Hades hizo caso omiso a las advertencias y se recostó sobre la cama para dormir, hasta que fue despertado por los fuertes gritos de unas mantícoras del jardín, como si acabaran de arrancarlas de raíz. Le costó despabilarse, pero cuando lo hizo, no tardó en reaccionar. El mar estaba embravecido y del cielo caía una tormenta que en cualquier momento atravesaría el tejado. El primer instinto del dios fue abandonar el lugar, pues las altas olas ya estaban ingresando tierra adentro como un maremoto que pronto tomaría más fuerza y arrasaría con todo.

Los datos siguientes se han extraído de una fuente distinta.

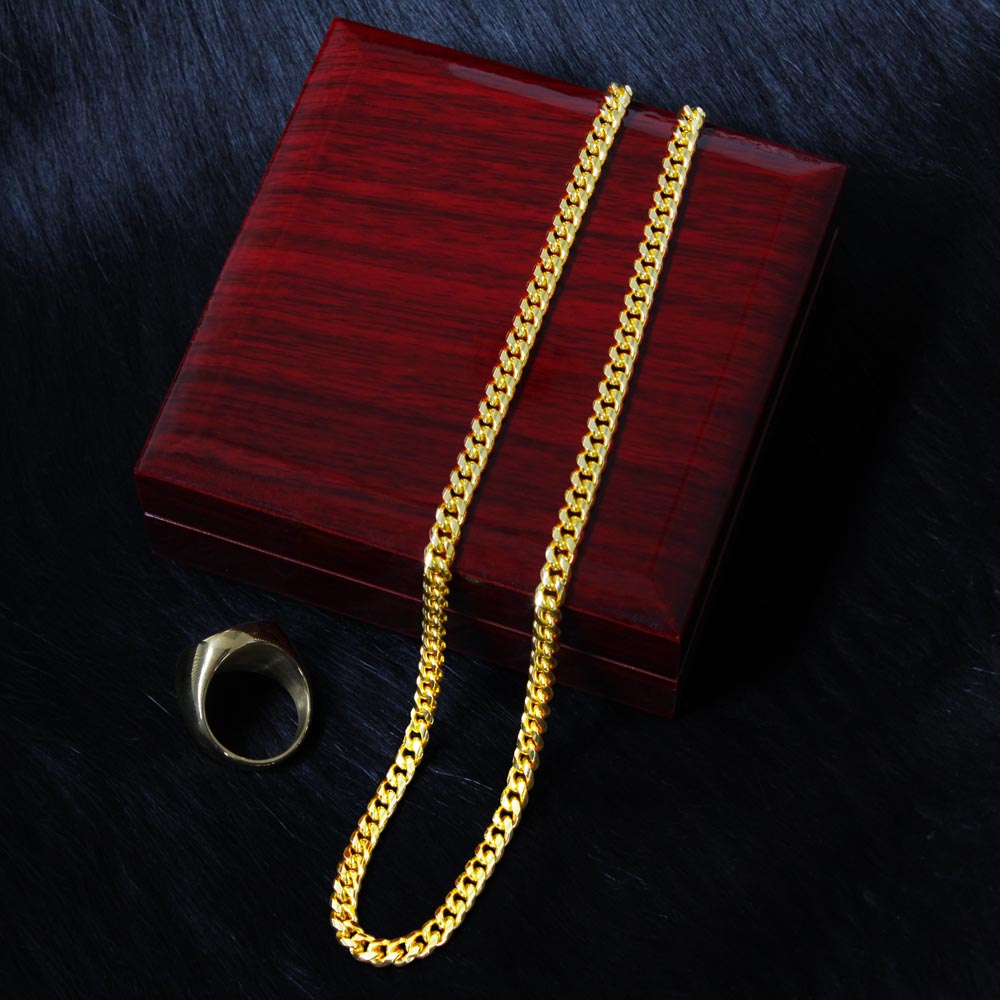 Dad-Father And Mountains Cuban Link Chain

Las criaturas que habitaban el castillo ya lo habían abandonado, dejándolo atrás. Incluso las estatuas decorativas ya no se encontraban en su sitio, como si la muchacha de verdad hubiera cobrado vida para escapar. Rápidamente Hades se encaminó tierra adentro, pero las fuertes olas tomaron una altura inimaginable que arrastró todo cuanto encontró a su paso, incluido al dios. Bajo el agua trató de nadar, pero la corriente lo llevó con él, lastimándolo con maderas, metales y cristales de las viviendas que estaban siendo destruidas por la inundación.
Llegó un punto en el que ya no podía respirar y lamentó no haber podido ver a su mujer una vez más, el nunca haberse escabullido para verla en todo su esplendor cubriendo sus labores de la primavera o haber dedicado más tiempo para escuchar las advertencias. De pronto pensó que se tendría que enfrentar a lo que, como dios, pensó que nunca enfrentaría: la muerte, y que tendría que recorrer el inframundo ya no como su dueño, sino que como un residente. Dio todo por perdido cuando una mano lo agarró fuerte de la ropa y lo sacó a la superficie, guiándolo a la falda de un cerro para ponerlo a resguardo. Era una joven preciosa que vestía únicamente unas algas para cubrir su cuerpo. No tardó en reconocerla como la Pincoya, la sirena a la que los pescadores le rinden culto por su protección y avisos de cómo serían las pescas en la temporada.
—El hombre que andas buscando se escapó para advertir a su familia sobre la inundación. Ahora que su mujer y sus hijos están a salvo, está dispuesto a irse contigo —dijo la muchacha una vez que Hades logró recuperar el aliento.
—¿Cómo lo sabes?
—Mientras bailaba en la playa para otro pescador, vi su alma guiar a la mujer y a los niños hacia el cerro. Ahí viene.
Desde más arriba por el sendero venía bajando el alma del pescador que tanto había buscado. Cuando quiso agradecerle a Pincoya, esta ya se había marchado, seguramente para ayudar a algún pescador en aprietos.
Por su parte, Hades, que ya sabía el motivo por el que aquel fantasma se había escapado, lo único que quería era devolverlo a donde pertenecía. De paso, tal vez visitar a su esposa en la tierra. Y aprovechar de pedirle explicaciones a sus hermanos por aquel comportamiento que le iba a aumentar el trabajo en el inframundo.